[Records from a data source]
--------
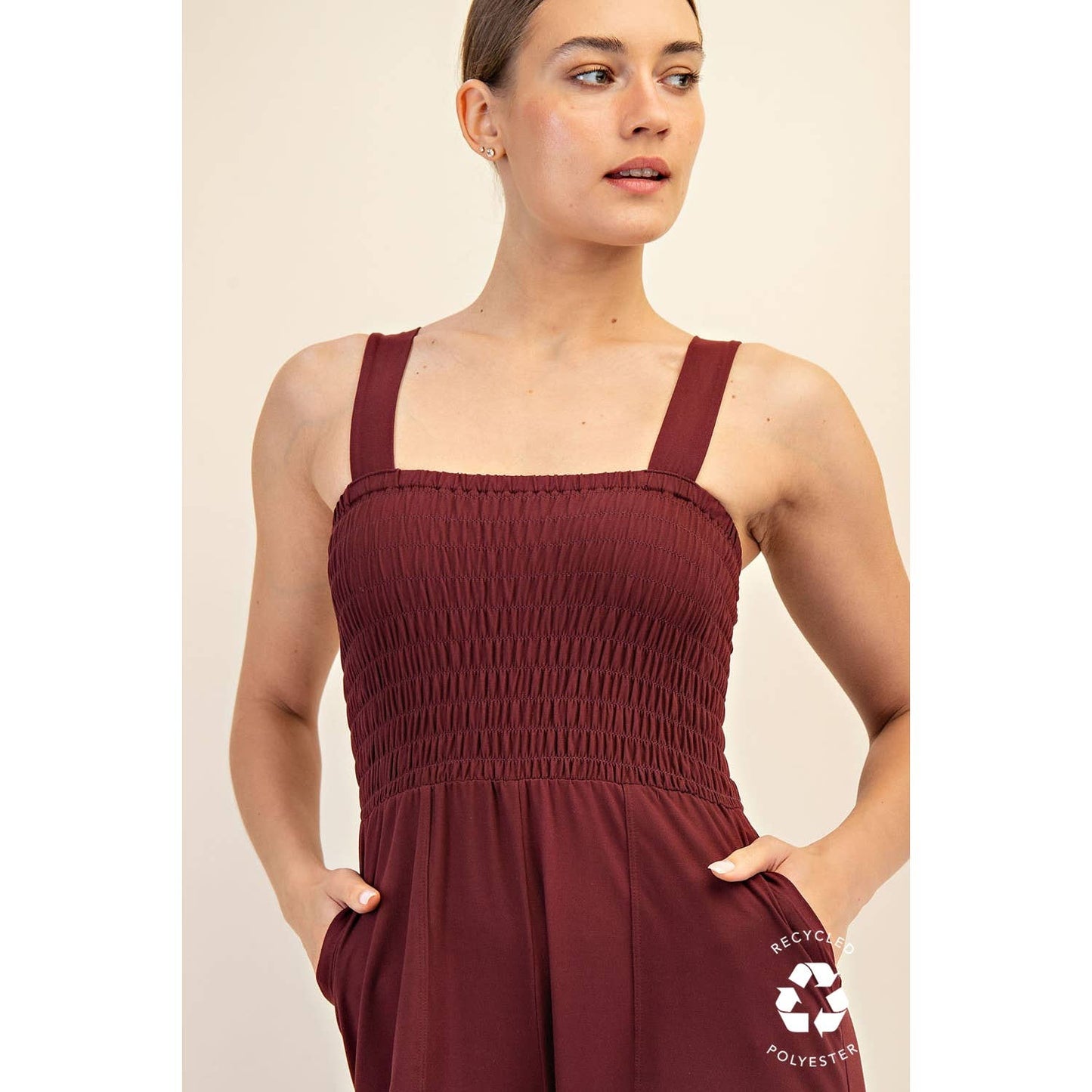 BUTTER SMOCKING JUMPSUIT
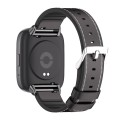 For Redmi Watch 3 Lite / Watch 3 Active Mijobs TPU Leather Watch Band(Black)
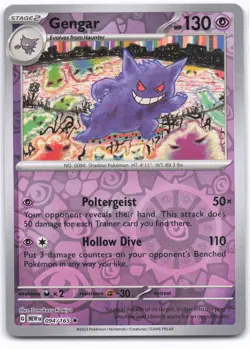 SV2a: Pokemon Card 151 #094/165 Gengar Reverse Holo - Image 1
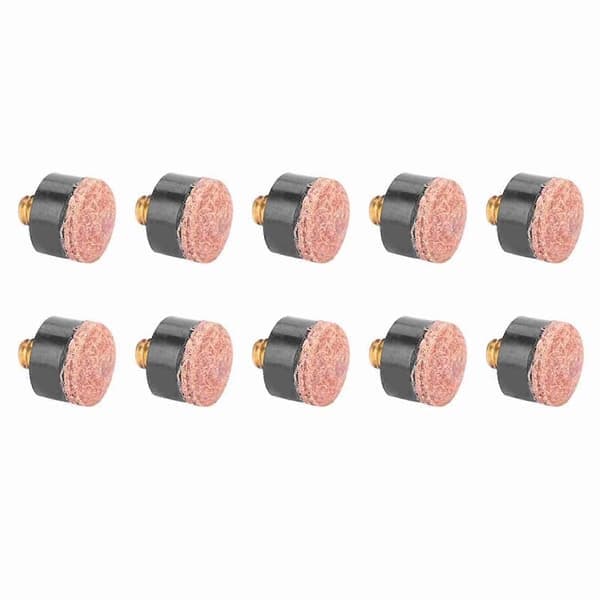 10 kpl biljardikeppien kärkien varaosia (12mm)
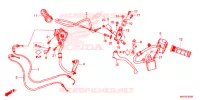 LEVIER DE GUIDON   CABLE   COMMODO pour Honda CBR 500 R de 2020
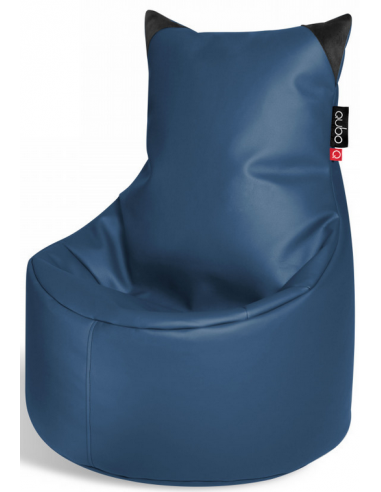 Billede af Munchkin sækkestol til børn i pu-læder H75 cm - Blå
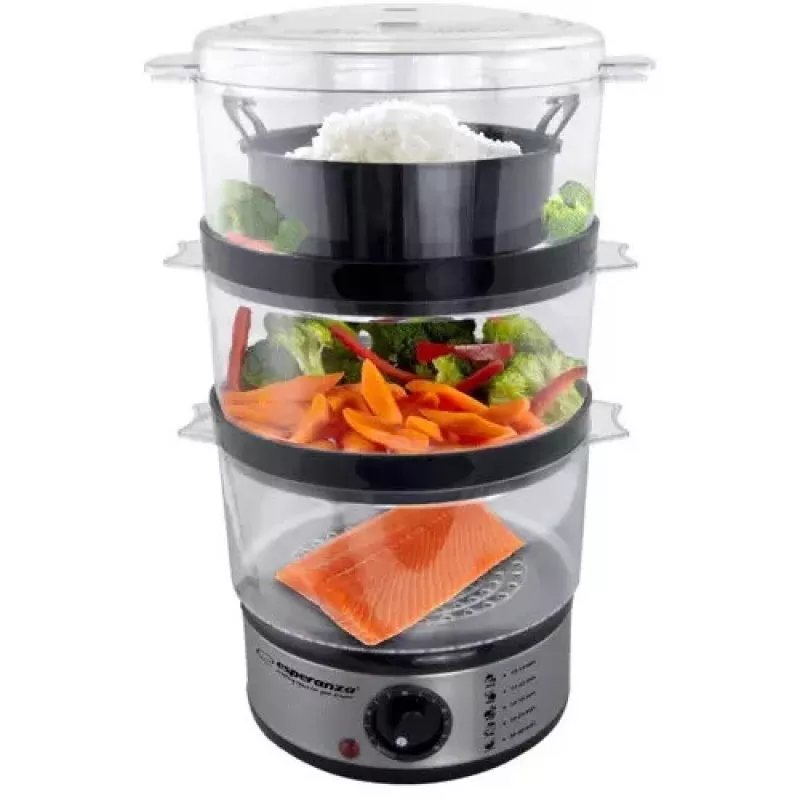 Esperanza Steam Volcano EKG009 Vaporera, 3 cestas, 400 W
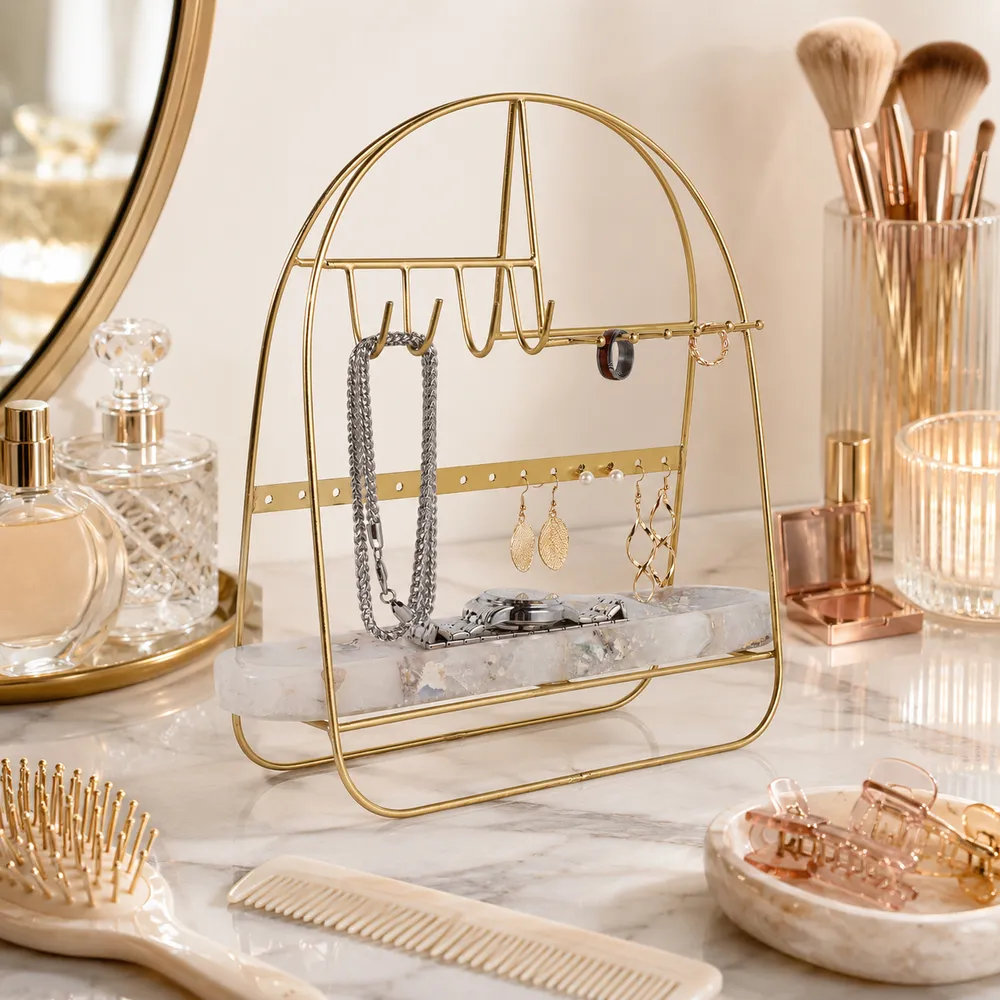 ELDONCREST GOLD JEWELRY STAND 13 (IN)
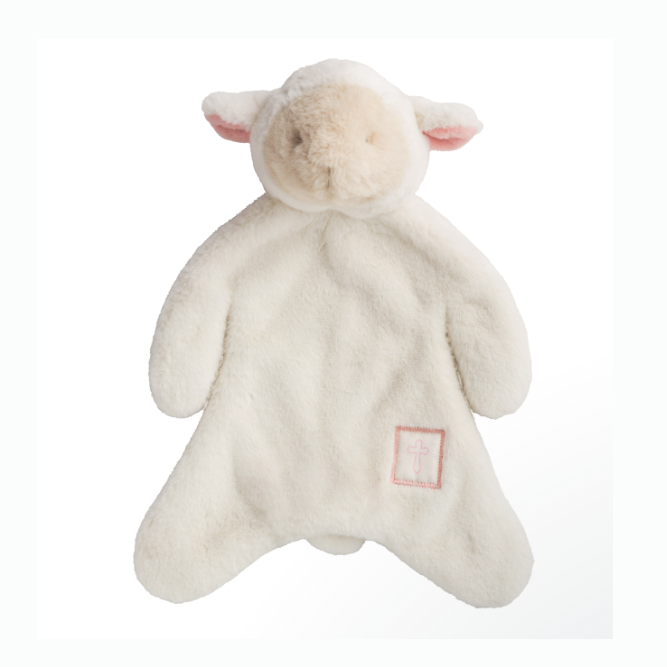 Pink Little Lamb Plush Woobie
--------
**WHAT TO WORK ON:**
Give back every entry in full, exactly as written, with no picture included.

**ANSWER SECTION:**
 BUTTER SMOCKING JUMPSUIT
 For Redmi Watch 3 Lite / Watch 3 Active Mijobs TPU Leather Watch Band(Black)
 SV2a: Pokemon Card 151 #094/165 Gengar Reverse Holo - Image 1
 10 kpl biljardikeppien kärkien varaosia (12mm)
 LEVIER DE GUIDON   CABLE   COMMODO pour Honda CBR 500 R de 2020
 Billede af Munchkin sækkestol til børn i pu-læder H75 cm - Blå
 Esperanza Steam Volcano EKG009 Vaporera, 3 cestas, 400 W
 ELDONCREST GOLD JEWELRY STAND 13 (IN)
 Pink Little Lamb Plush Woobie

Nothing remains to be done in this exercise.